== SUPPLIED DATA ==
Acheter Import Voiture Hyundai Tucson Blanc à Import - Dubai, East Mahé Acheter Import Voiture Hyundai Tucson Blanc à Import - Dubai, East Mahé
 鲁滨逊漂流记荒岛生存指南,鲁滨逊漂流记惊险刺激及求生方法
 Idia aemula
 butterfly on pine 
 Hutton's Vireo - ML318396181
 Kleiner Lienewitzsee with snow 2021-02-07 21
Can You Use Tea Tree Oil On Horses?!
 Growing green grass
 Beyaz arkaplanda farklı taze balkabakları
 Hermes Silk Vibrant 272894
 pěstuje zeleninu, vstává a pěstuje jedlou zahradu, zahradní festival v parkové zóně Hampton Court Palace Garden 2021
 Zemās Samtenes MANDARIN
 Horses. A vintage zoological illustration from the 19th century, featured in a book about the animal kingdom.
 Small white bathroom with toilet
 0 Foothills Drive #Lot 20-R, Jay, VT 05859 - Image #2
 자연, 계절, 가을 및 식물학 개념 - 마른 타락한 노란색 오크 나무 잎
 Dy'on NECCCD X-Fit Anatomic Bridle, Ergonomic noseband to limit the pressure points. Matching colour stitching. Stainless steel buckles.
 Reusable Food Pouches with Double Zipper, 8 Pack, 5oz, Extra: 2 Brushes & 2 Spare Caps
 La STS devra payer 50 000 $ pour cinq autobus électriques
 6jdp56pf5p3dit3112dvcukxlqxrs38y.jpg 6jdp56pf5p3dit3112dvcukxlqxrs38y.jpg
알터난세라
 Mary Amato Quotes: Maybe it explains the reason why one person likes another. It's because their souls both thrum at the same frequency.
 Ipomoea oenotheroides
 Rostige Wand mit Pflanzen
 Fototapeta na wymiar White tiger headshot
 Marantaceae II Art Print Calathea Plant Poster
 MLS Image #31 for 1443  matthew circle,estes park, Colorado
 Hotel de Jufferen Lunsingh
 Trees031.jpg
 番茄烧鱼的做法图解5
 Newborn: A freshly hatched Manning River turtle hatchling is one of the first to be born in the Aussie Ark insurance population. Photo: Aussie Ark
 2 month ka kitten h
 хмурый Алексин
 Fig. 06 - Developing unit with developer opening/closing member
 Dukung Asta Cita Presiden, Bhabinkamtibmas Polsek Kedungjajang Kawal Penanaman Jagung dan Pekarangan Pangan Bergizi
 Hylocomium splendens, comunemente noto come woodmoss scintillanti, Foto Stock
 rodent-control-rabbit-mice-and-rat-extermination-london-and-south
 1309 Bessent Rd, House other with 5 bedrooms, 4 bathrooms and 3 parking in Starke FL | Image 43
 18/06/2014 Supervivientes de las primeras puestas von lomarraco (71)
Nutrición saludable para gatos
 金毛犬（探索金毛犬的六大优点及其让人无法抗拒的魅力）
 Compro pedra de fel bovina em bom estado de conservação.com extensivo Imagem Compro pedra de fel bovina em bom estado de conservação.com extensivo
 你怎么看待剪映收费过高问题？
===
TASK BRIEF:
If a line in the records holds the word "Horses", count it, then give only the total.

EXERCISE RESPONSE:
2